Mader, 1905 in Landshut geboren, galt in den frühen Dreißigerjahren als großes Talent, hatte viele prominente Fürsprecher, darunter den Verleger Reinhard Piper, den Galeristen Günter Franke oder Eberhard Hanfstaengel, den Gründungsdirektor des Lenbachhauses. Trotzdem schaffte er nie den Durchbruch. Erst kamen die Nazis, dann der Krieg. Danach wollte niemand mehr die Bilder eines Künstlers sehen, der hartnäckig gegenständlich arbeitete und abstrakte Kunst ablehnte.

Maximilian Mader, der in Moosburg im Haus des Großvaters lebt, wurmt das anhaltende Desinteresse. "Großvater war kein Hobbymaler", sagt der 37-jährige Jurist. "Das Werk gehört in die Öffentlichkeit." Da die Bilder des Großvaters zwar in etlichen Sammlungen und Museen lagern, nur selten aber ans Licht gelangen, hat er das Forschungsprojekt "Finding Joseph Mader" initiiert, eine gleichnamige Broschüre über den Maler herausgegeben und den Kunsthistoriker Felix Billeter dafür gewonnen, eine Monografie über den Künstler zu schreiben. Ende 2021 soll die Publikation erscheinen.

Kunstgeschichte: Im Jahr 1929 hatte Mader den "Zirkus" (Mischtechnik) gemalt, der heute im Besitz der Städtischen Galerie im Lenbachhaus ist. Repro: Maximilian Mader

Im Jahr 1929 hatte Mader den "Zirkus" (Mischtechnik) gemalt, der heute im Besitz der Städtischen Galerie im Lenbachhaus ist. Repro: Maximilian Mader

Für einen Kunsthistoriker ist Mader ein Glücksfall. Der Maler war ein eifriger Briefeschreiber, tauschte sich lebenslang mit seinem Bruder und anderen aus. Die kontinuierliche Korrespondenz, von den späten 1920er Jahren bis zu seinem Tod 1982, ist ein ergiebiger Fundus, um den Lebensweg eines expressiven Realisten in schwierigen Zeiten zu beleuchten.

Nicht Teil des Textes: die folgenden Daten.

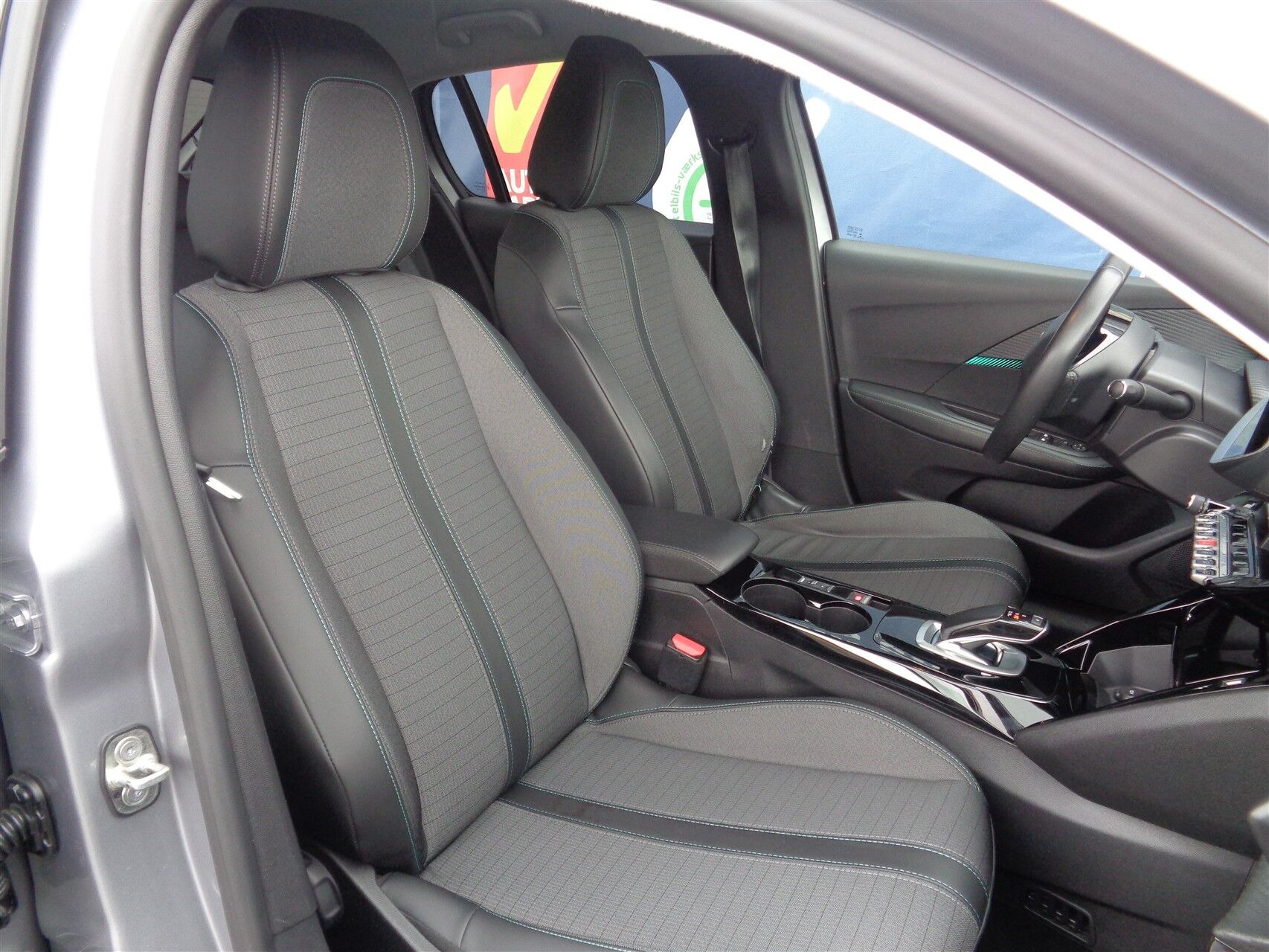 Grå Peugeot e-208 fra 2022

Das Atelier wirkt, als hätte Joseph Mader es erst gestern verlassen. Pinsel stehen auf dem Tisch, Bilder auf den Staffeleien, nur die Farbe riecht nicht mehr. 5000 Werke dürfte das Œuvre umfassen, schätzt der Enkel. "Ist die Frage, wo man zu zählen anfängt", sagt er und zieht eine Schublade auf. Darin Kinderzeichnungen von 1911. Dass er Maler werden wolle, habe sein Großvater immer gewusst, behauptet Max Mader. Jedenfalls beharrt Joseph Mader so hartnäckig auf diesem Berufsziel, dass dessen Vater sich ratsuchend an die bayerische Akademie der Künste wendet. Deren Direktor Heinrich von Zügel bescheinigt dem 15-Jährigen prompt eine erstaunliche künstlerische Begabung.

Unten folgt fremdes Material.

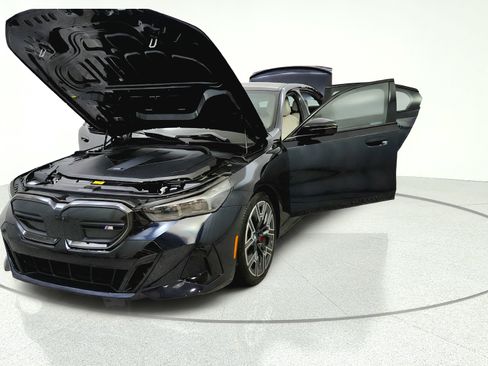 Used 2024 BMW i5 M60 w/ Premium Package AWD/4WD image 10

Zwei Jahre später, 1922, studiert er an der Kunstgewerbeschule, geleitet vom Architekten Richard Riemerschmid, Pionier des Jugendstils in München. Er wird zum Mentor Maders. Als er 1926 zum Direktor der Kölner Werkschulen berufen wird, folgt Mader ihm mit zwei Studienfreunden, dem Maler Max Wendl und dem Bildhauer Fritz Müller, auch weil der Direktor Stipendien organisiert. 1930 wird Mader Meisterschüler von Friedrich Ahlers-Hestermann, der das Malen nach der Natur in seiner Klasse abgeschafft hat. Das sei sowieso eine "blödsinnige Zeitverschwendung"gewesen, schreibt er an Bruder Toni. "Man fühlt ganz intensiv, dass dabei nie ein Bild entstehen kann, das wirklich Leben hat."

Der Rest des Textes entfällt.